CIA Rapped for Vietnam Soldier Record Delays

     (CN) – A federal judge has rejected a bid from the CIA to end a nine-year battle over secret records about soldiers in the Vietnam War who were labeled prisoners of war or missing in action.
     Roger Hall, Studies Solutions Results Inc. and Accuracy in Media filed suit in 2004 after not getting a response from the government about their request for documents relating to the POWs and MIAs a year earlier.
     Chief U.S. District Judge Royce Lamberth ordered the CIA in 2009 to divulge all nonexempt records, to search its database for 1,700 names, and to explain its reasons for nondisclosure.
     But the CIA said it would look for just 31 of the files because it felt that searching for 1,700 names without additional identifying information would be unduly burdensome.
     Chief U.S. District Judge Royce Lamberth found the argument unpersuasive on Friday.
     “The only support the CIA can conjure for its burdensome argument is that ‘CIA personnel would have to pull the relevant boxes, unseal the boxes, locate the correct file folders identified by the electronic index, then manually review all of the documents in each folder merely to determine whether each archived document would be responsive to plaintiffs’ request,'” he wrote. “Or to put it another way, someone would have to grab a box, open it, grasp the identified file folder, and look at it. Despite the CIA’s detailed tutorial on how to get a file out of a box, again it fails to provide the court with an estimate of how many man-hours are necessary to fulfill the search. The court will not find a search unduly burdensome simply because of the level of description shown and the number of steps used to describe looking into a box.”
     Lamberth also rejected the CIA’s claims that it couldn’t force other federal agencies to turn over coordinating files.
     “For the CIA to then tell this court that ‘[i]f these agencies have failed to provide a timely response to plaintiff, it is up to plaintiffs to take whatever action they deem appropriate directly with those agencies,’ may explain why this case has limped along for so many years,” Lamberth wrote.
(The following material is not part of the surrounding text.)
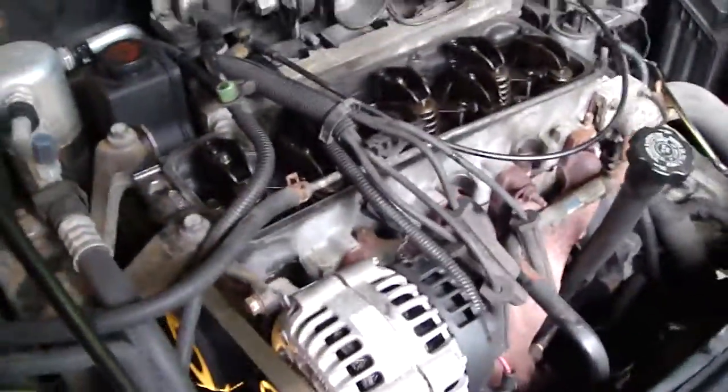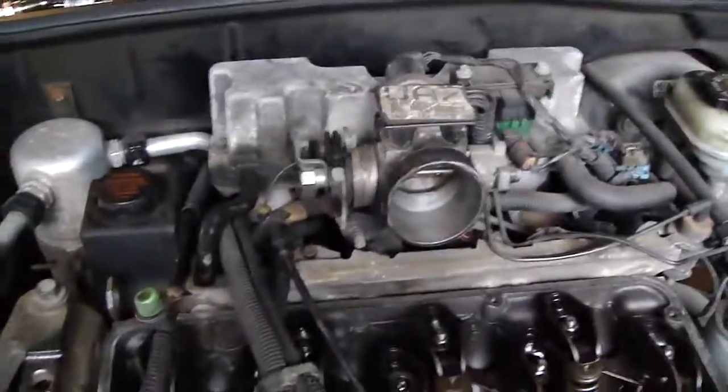You can easily hear that connecting rod clunking around in the crankcase. So I'm going to pull off the alternator, take out the battery, disconnect it, take off the intake manifold, all the fuel lines, take apart the exhaust system, all the hoses, and disconnect it from the transmission. I'm going to put a lift on that thing and pull it up.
     “It has been over 10 months since the CIA sent the referral letter, and the CIA has offered no evidence that it has followed up with the ‘unnamed agencies’ in regard to the referral documents,” he added. “Because the CIA is responsible for responsive records, even when those records originated with other agencies, this court holds that the CIA must take immediate affirmative steps to be sure that each referral is being processed.”
     The CIA does not, however, have to perform new searches using different keywords because its original search satisfied the requirements of the Freedom of Information Act for many of the thousands of documents Hall and the other plaintiffs requested.
     “Because this court finds that the original CIA search terms were ‘reasonably calculated to uncover all relevant documents,’ a further search with these new terms in not required under FOIA,” the judge wrote.
     Lamberth also found that the CIA met its burden of proof for withholding many documents as classified or for reasons of national security.
     He rejected Hall’s request for an in camera review of some documents, saying the plaintiffs “have provided no evidence of bad faith on the part of the CIA.”